Hi, thought it was time i started my own thread after posting about this prob on other people's!

My DD is going to bed sometimes after formula sometimes a bf at 7. She then usually wakes at 10/11 and i bf her. then about 2,5,8. lately she has woken an hour after going to bed. tried cc. she may cry for an hour. goes to sleep, after anything between 10 and 60 mins she starts again. I do same thing, finally sleeps, wakes 10-60 mins later. Sometimes she takes ounces and ounces of formula during these awake times and she instantly falls asleep. only to wake 10-60 mins later!! get the pattern?! we usually get a 3 hour stretch somewhere in the middle of the night, which is a relief but isn't ideal.

i am also trying to stop bf her in the night as it seems to make her wake more often and need a bf to get back to sleep. (only for a short time again). the first time we tried cc when she was 6 months, she cried for 30 mins at bedtime. woke and had a little water at 12 then a bf at 4. the second night she slept right through! i don't know why it isnt working now though. do i completely deny her milk? do i offer her water? do i let her cc it out all night? because it seems that is what will happen.

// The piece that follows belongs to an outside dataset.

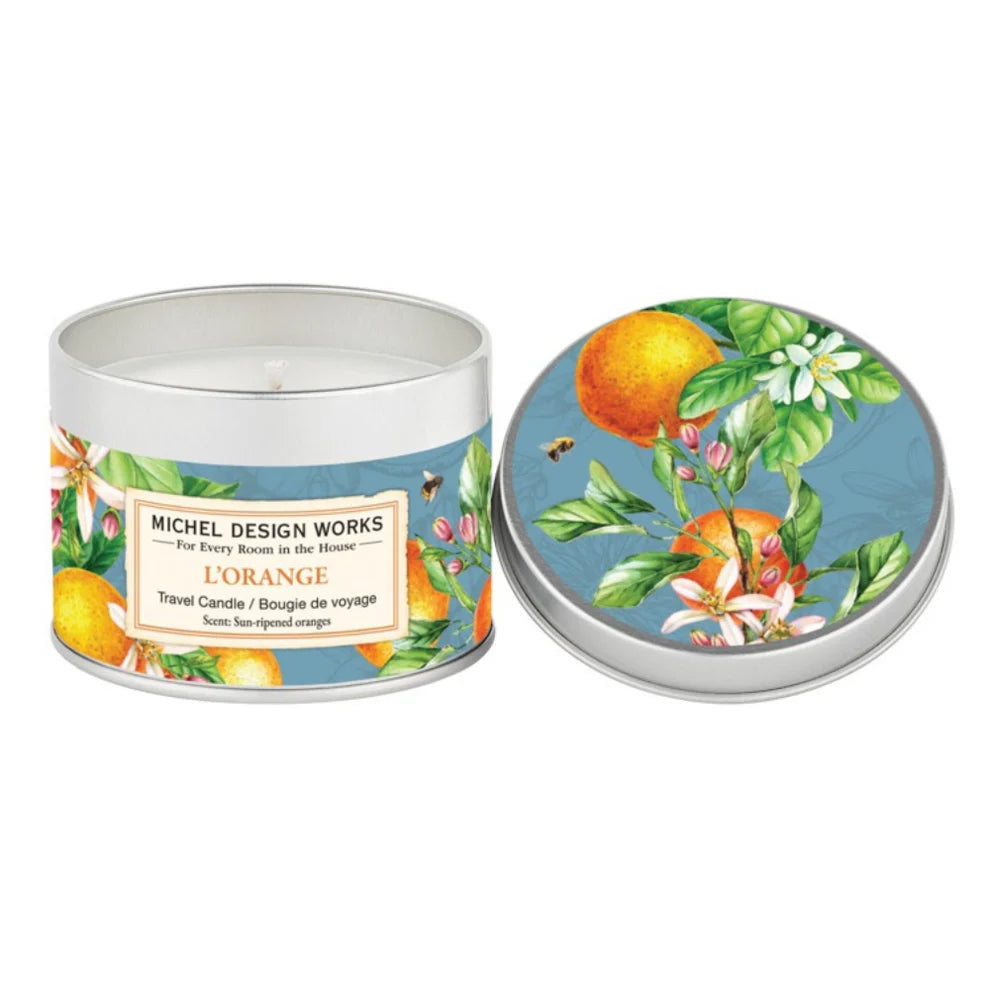 L'Orange  Michel Design Works Travel Candle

any ideas please? i am so very very fed up

suzywong Tue 04-Jan-05 09:26:24

egypt

huge sympathies to you, it's the pits isn't it, that 2am and 5 am waking, it really wears you down.

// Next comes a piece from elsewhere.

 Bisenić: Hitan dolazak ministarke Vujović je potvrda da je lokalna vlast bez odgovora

I think, if you can handle it, you should get hardcore and do the cc and a drink of water thing. I know it's hard and you have to be mentally resiliant to do it, but it will work in the end. Is she on solids yet? You may find it helps to fill her up with carbs for her last meal, you know porridge, rice bread. It may take a while as it is such a habit and her sleep cycle is obviously shallow at those times which is why she's coming out of deep sleep, however you can teach her to settle herself and teach her that she won't be rewarded with a feed if she wakes up.

I think you are wise to get sorted when she is so young, I faffed about with my two ds's and the younger one 16 mo only went through the night without a bf last month - I should have got tough earlier.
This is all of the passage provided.